[Scraped caption text data]
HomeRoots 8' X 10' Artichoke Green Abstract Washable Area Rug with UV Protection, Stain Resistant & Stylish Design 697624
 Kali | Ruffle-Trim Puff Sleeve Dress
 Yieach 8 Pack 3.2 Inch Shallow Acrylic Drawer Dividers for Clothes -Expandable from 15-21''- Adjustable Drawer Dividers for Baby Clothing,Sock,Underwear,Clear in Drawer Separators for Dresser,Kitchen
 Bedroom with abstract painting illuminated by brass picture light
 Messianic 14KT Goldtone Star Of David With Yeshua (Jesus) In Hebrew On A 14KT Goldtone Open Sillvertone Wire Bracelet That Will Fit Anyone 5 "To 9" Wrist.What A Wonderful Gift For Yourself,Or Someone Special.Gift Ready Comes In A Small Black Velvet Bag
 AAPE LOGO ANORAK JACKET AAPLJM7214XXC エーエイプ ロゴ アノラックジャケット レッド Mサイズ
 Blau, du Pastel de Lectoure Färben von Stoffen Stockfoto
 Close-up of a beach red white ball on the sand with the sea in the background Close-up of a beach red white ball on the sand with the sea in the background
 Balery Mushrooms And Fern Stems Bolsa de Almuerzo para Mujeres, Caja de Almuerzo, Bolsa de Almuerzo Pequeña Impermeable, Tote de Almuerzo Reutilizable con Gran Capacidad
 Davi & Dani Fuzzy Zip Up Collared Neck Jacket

Task details
Transcribe each of the records verbatim.

Result below
HomeRoots 8' X 10' Artichoke Green Abstract Washable Area Rug with UV Protection, Stain Resistant & Stylish Design 697624
 Kali | Ruffle-Trim Puff Sleeve Dress
 Yieach 8 Pack 3.2 Inch Shallow Acrylic Drawer Dividers for Clothes -Expandable from 15-21''- Adjustable Drawer Dividers for Baby Clothing,Sock,Underwear,Clear in Drawer Separators for Dresser,Kitchen
 Bedroom with abstract painting illuminated by brass picture light
 Messianic 14KT Goldtone Star Of David With Yeshua (Jesus) In Hebrew On A 14KT Goldtone Open Sillvertone Wire Bracelet That Will Fit Anyone 5 "To 9" Wrist.What A Wonderful Gift For Yourself,Or Someone Special.Gift Ready Comes In A Small Black Velvet Bag
 AAPE LOGO ANORAK JACKET AAPLJM7214XXC エーエイプ ロゴ アノラックジャケット レッド Mサイズ
 Blau, du Pastel de Lectoure Färben von Stoffen Stockfoto
 Close-up of a beach red white ball on the sand with the sea in the background Close-up of a beach red white ball on the sand with the sea in the background
 Balery Mushrooms And Fern Stems Bolsa de Almuerzo para Mujeres, Caja de Almuerzo, Bolsa de Almuerzo Pequeña Impermeable, Tote de Almuerzo Reutilizable con Gran Capacidad
 Davi & Dani Fuzzy Zip Up Collared Neck Jacket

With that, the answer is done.